Ülkemizin ihtiyacı; bir an önce çıkarılması gereken; toplumsal sözleşme niteliğinde özgürlükçü ve çoğulcu yeni bir anayasadır ve bunun için sadece siyasiler değil başta üniversiteler olmak üzere işçi sendikaları ve iş dünyasının temsilcilerinin de içinde olacağı geniş katılımlı bir çalışmayla sorunun çözülebileceği inancını taşımaktayım.
Seçilirsem ; Cumhurbaşkanlığı bütçesi şeffaf olacak ve her gün Internet sitesinden harcamalar halka duyurulacaktır.
Bütün bunları sizlere yazıyorum çünkü;
Basın artık birilerinin güdümünde olmamalı , özgür ve gerçek anlamda yeniden demokrasinin yasama , yürütme , yargı’dan sonra gelen dördüncü gücü olmalıdır.
Türkiye Cumhuriyeti bir-iki kişiye mecbur da mahkum da değildir.
Basının desteklemesi ve beni gündeme getirip tartışmaların odağına getirmesi gibi bir gelişme olursa şu bilinmelidir ki tarafsız değil TC taraftarı bir Cumhurbaşkanı olmaya adayım ben.
Hadi cesur olun açın sayfalarınızı , ekranlarınızı bana.

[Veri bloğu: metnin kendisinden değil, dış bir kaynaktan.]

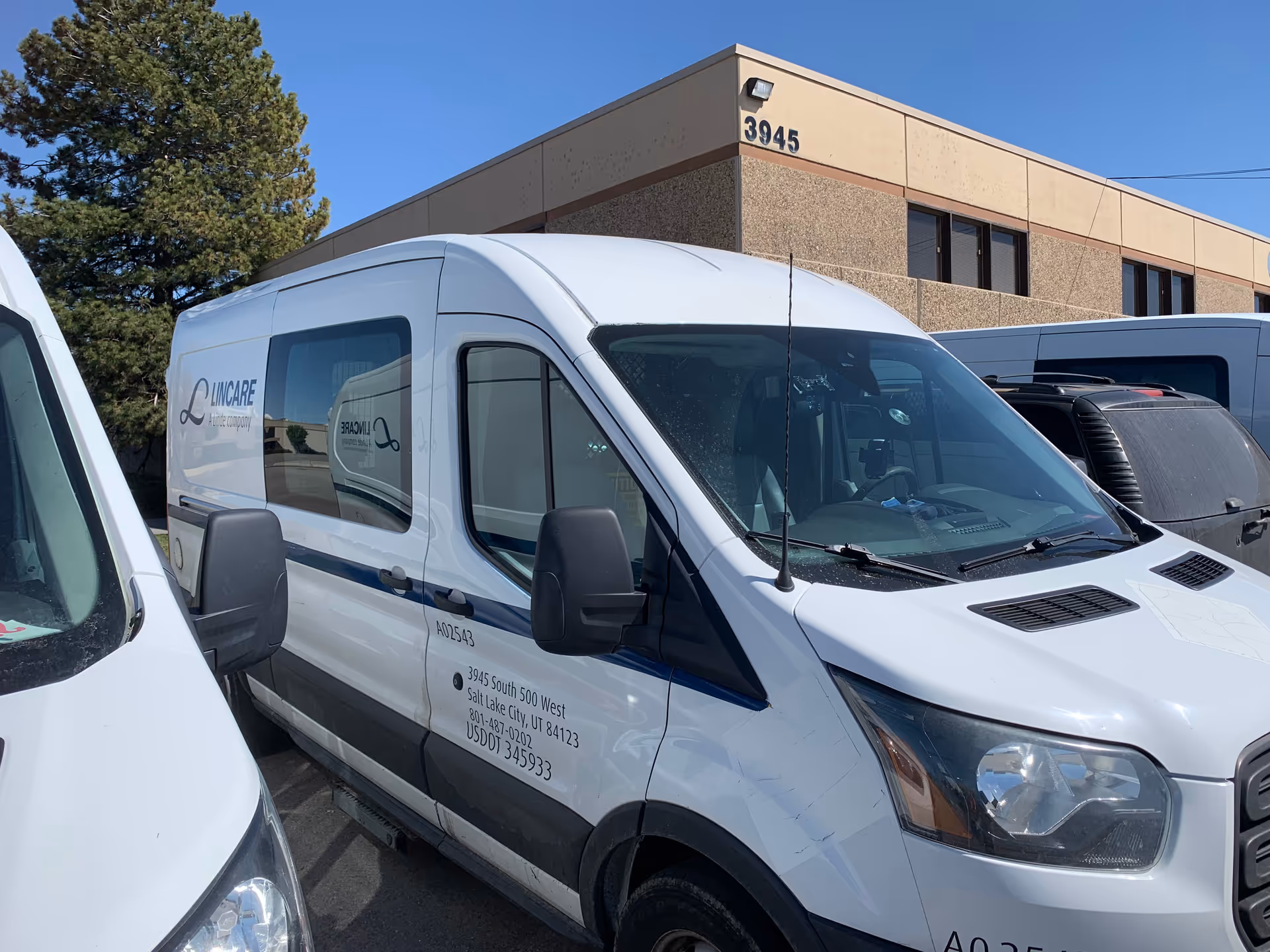 White LINCARE vans parked in front of a beige building labeled 3945.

Söyleyecek sözü olmayan her gittiği kanalda papağan gibi aynı şeyleri tekrarlayan bir sürü sözde aydını tartıştırdığınız programlara beni de çağırın mesela.
Emin olun her konuda söyleyecek sözüm de var , anlatacak bilgim de.
Nasıl bir Cumhurbaşkanı olmalıdan neden 7-8 milyon aday var sözüme kadar her şeyi açıklamaya hazırım.
Elitçi , seçkinci değil halkın içinden ve cumhurun kendisi aday olmak istiyor ve kendine de güveniyor.
Ya siz. Siz de kendinize ve Tarafsızlığınıza – demokrasinize güveniyormusunuz
Siz demokrasi ve özgürlük sınavı vermeye hazırımsınız ????